16.4 Hypertext Transfer Protocol Secure (HTTPS)

Now that you have a bit of understanding of the cryptography involved, the practical application of that knowledge is to apply encryption to your websites using the Hypertext Transfer Protocol Secure (HTTPS) protocol instead of the regular HTTP.

HTTPS is the HTTP protocol running on top of the Transport Layer Security (TLS). Because TLS version 1.0 is actually an improvement on Secure Sockets Layer (SSL) 3.0, we often refer to HTTPS as running on TLS/SSL for compatibility reasons. Both TLS and SSL run on a lower layer than the application layer (back in Chapter 2 we discussed Internet Protocol and layers), and thus their implementation is more related to networking than web development. It’s easy to see from a client’s perspective that a site is secured by the little padlock icons in the URL bar used by most modern browsers (as shown in Figure 16.16).

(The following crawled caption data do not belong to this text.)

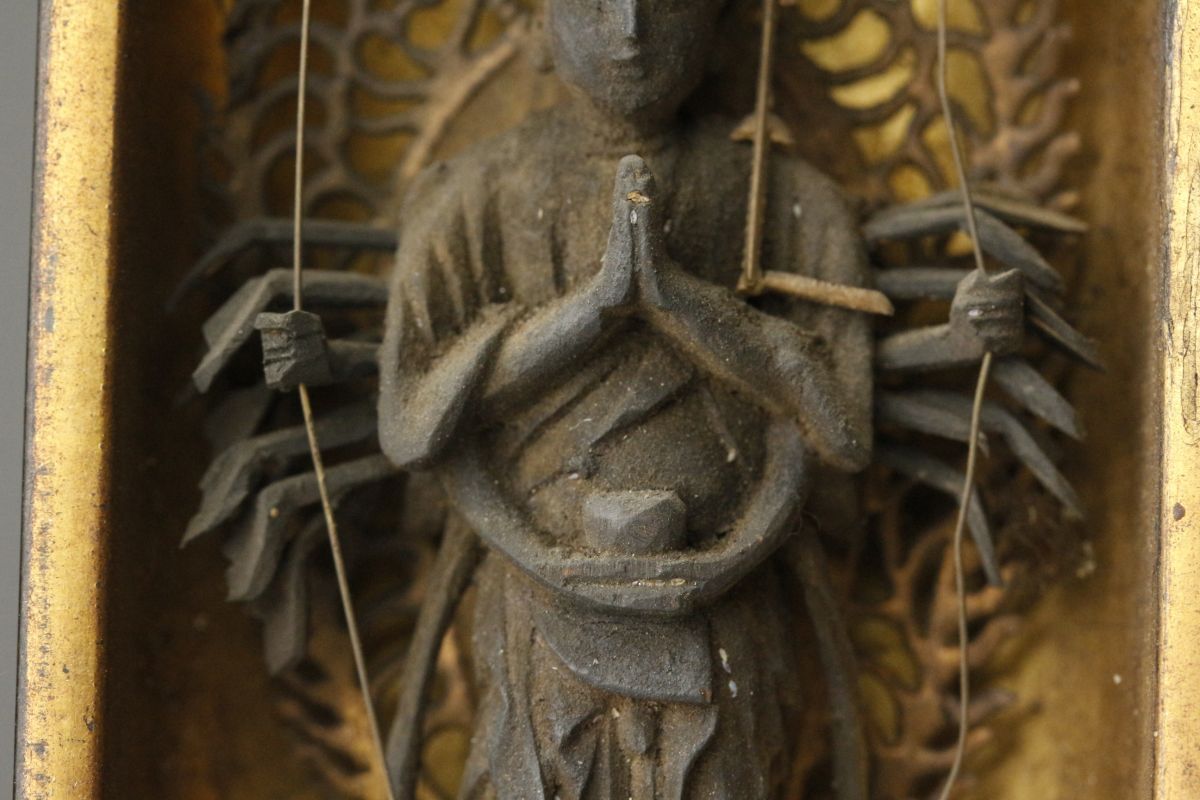 [LIG] era Buddhism fine art tree carving thousand hand . sound bodhisattva image 8.5. small . sculpture Buddhist image legume ... attaching ② [-QWO]24.4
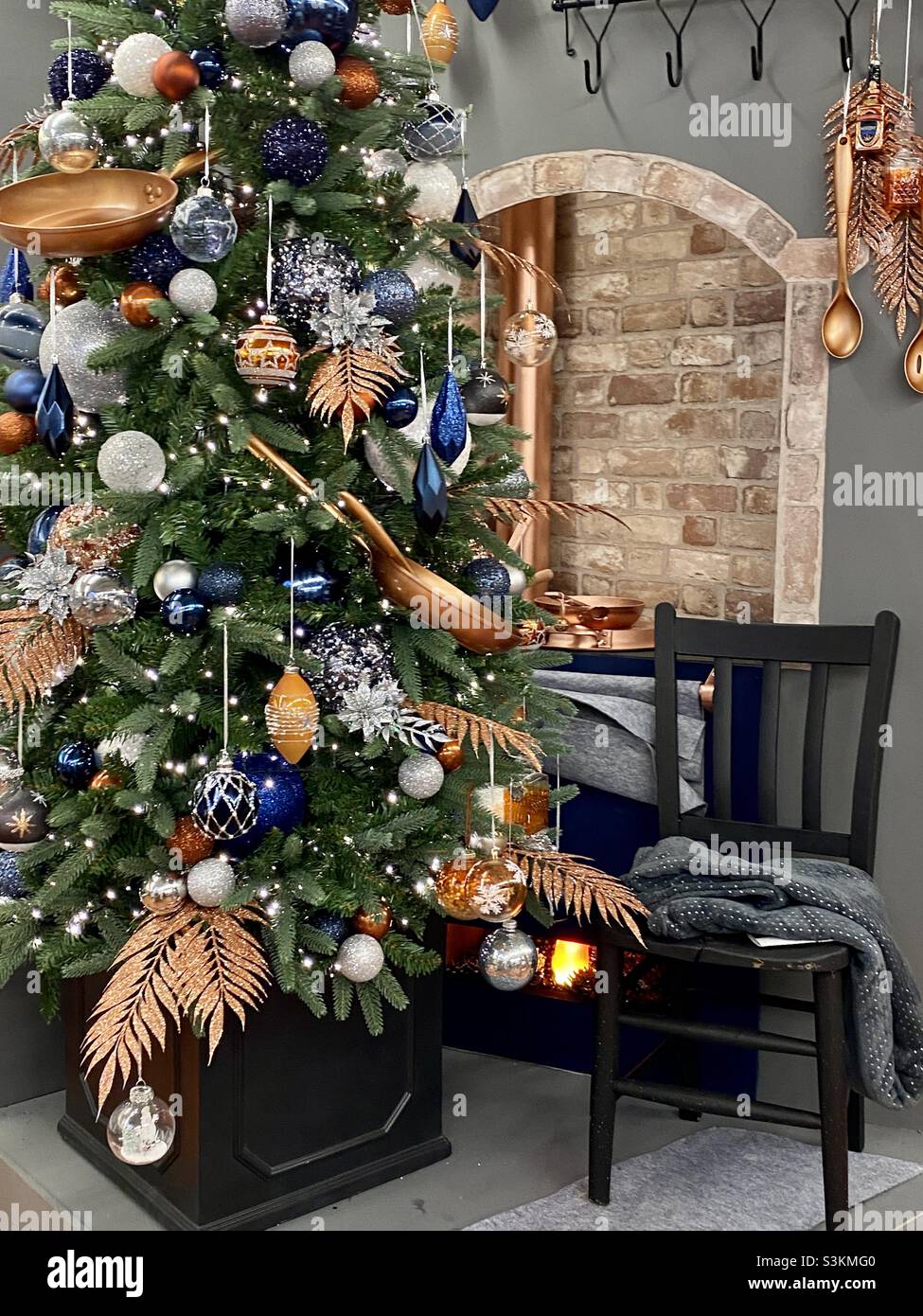 Christmas tree decorated with kitchen utensils Stock Photo Alamy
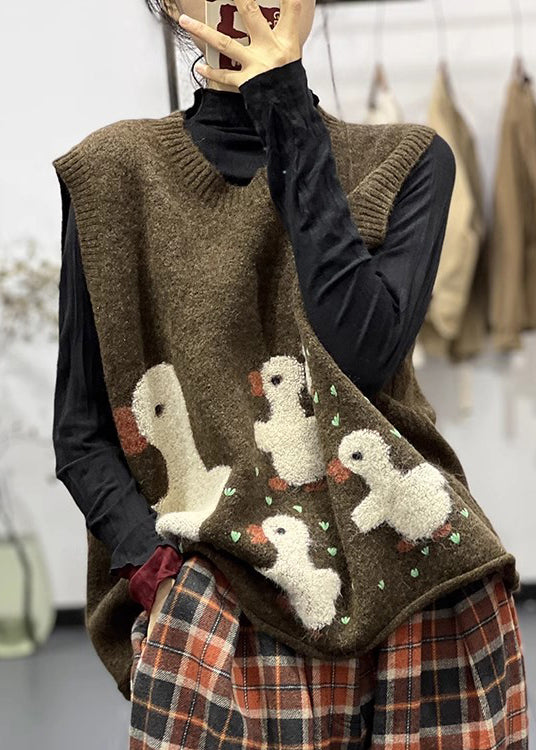 Jacquard Chocolate O-neck Cozy Cotton Knit Waistcoat Sleeveless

The figure consists of a browser window that shows a pop-up window.

Figure 16.16 Full Alternative Text

An overview of their implementation provides the background needed to understand and apply secure encryption more thoughtfully. Once you see how the encryption works in the lower layers, everything else is just HTTP on top of that secure communication channel, meaning anything you have done with HTTP you can do with HTTPS.

16.4.1 SSL/TLS Handshake

The foundation for establishing a secure link happens during the initial handshake. This handshake must occur on an IP address level, so while you can host multiple secure sites on the same server, each domain must have its own IP address in order to perform the low-level handshaking as illustrated in Figure 16.17.

The image contains 10 steps showing Client and Server interaction during SSL handshake.

Figure 16.17 Full Alternative Text

The client initiates the handshake by sending the time, the version number, and a list of cipher suites its browser supports to the server. The server, in response, sends back which of the client’s ciphers it wants to use as well as a certificate, which includes a public key. The client can then verify if the certificate is valid. For self-signed certificates, the browser may prompt the user to allow an exception.

The client then calculates the premaster key (encrypted with the public key received from the server) and sends it back to the server. Using the premaster key, both the client and server can compute a shared secret key. After a brief client message and server message declaring their readiness, all transmission can begin to be encrypted from here on out using the agreed-upon symmetric key.

16.4.2 Certificates and Authorities

The certificate that is transmitted during the handshake is actually an X.509 certificate, which contains many details including the algorithms used, the domain it was issued for, and some public key information. The complete X.509 specification can be found in the International Telecommunication Union’s directory of public key frameworks.¹² A sample of what’s actually transmitted is shown in Figure 16.18.

The image contains 2 blocks that shows self-signed certificate for funwebdev dot com.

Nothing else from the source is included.